① 私が15歳で単身留学した理由 ←本投稿
② 私の留学方法と生活
③ 留学生活で楽しかったこと
④ 留学生活で苦しかったこと
⑤ 高校生での留学が意味するもの

 

1. 日本での居場所

いきなりちょっと暗い話からになっちゃうけれど、私は、思春期を苦しんだタイプだ。その中でも特に、私にとって留学に向けたバネになったのは、中学校の大人たちと、そこにある社会の不条理だったと思う。中学1年生で全く違う地域間で転校をしたのだけれど、転入した先の市立中学は、とても田舎で、教師たちの頭が固くて、そして校則が厳しい場所だった。

 

厳しいと言えば聞こえはいいけれど、正しく言うと理不尽だった。それらの校則によって教師が生徒の”上”に立つ人間であることを強調し、右手を挙げろと命令したらそれに従うロボットになることを要求する学校。「この目的はお前たちが”親に迷惑をかけない良い進路に行けるよう躾をすること”だ」と公言する教師たちも、その在り方に裏で不満は言いつつ表では”賢く”言うことを聞く同級生たちも、そして内申点を気にして結局反抗するという選択肢は持たない”優等生”な自分も、全てが嫌だった。その環境に居場所がなかった私は、卒業したら絶対にこの土地を捨てようと思って、文字通り全国の高校を対象に調べたり訪問したりした。

 

けれど、自分の中で、結局どこを選んでも同じなんじゃないかという拭えない違和感が、日増しに大きくなった。どの学校にだって校則はある。生徒と向き合わない教師もきっといる。そして何より、どこの学校も、進路と言う名の決まったレールを敷いて見せてくる。良い高校から良い大学、良い将来。気付いちゃったのだ。自分が何かの枠を感じる限り、私はきっとそれに抗いながらも囚われ続け、自分の嫌いな”優等生”であり続けるのだろうと。
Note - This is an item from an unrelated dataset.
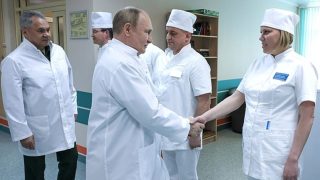 Putina udržují při životě už jen lékaři ze Západu. Navíc bere silné léky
そしてその枠は、描かれるレールは、私の幸せを願うと謳う、日本社会の不条理だと思った。その先に見える自分の将来が、14歳の私には、輝いて映らなかった。勉強にも身が入らなかった。

 

2. 沸き上がった希望と期待

私を救ったのは、”日本の外”という選択肢を知っていたことだと思う。きっかけは、中学2年の夏休みを前に、学校で配られた「オーストラリア ホームステイ体験」のチラシ。普段なら即ゴミ箱行きの一枚の紙を何でだか捨てられなくて、自分を騙しだまし行ってみた説明会後には高ぶる気持ちが抑えられなくて、夏、2週間の現地学校とホームステイ体験プログラムに参加した。初めての海外でもちろん刺激は多かったのだけれど、一番強烈に印象に残ったのは、「同じ”学校”なのにこんなに違うの?」という現地学校への驚き。驚きというかもう衝撃。青い空の下、広い敷地で、色んな見た目の生徒たちが、自由に学んで遊んで食べて笑って。私の知っている”学校”ではなくて、日本に帰ってからも、オーストラリアの同い年の彼らが、羨ましくて仕方なかった。

 

日本のどこで高校に行っても結局同じだと気付いた私の脳裏には、徐々に、あの夏に見た”外国の学校”が浮かぶようになっていった。もし、あそこに通えるなら?もし、あんな学校が私の場所になるのなら?日本のしがらみを、枠を、自分から脱ぎ捨てて、あんなに広い場所に飛んで行けるのなら?・・・・・・憧れが、妄想が、止まらなかった。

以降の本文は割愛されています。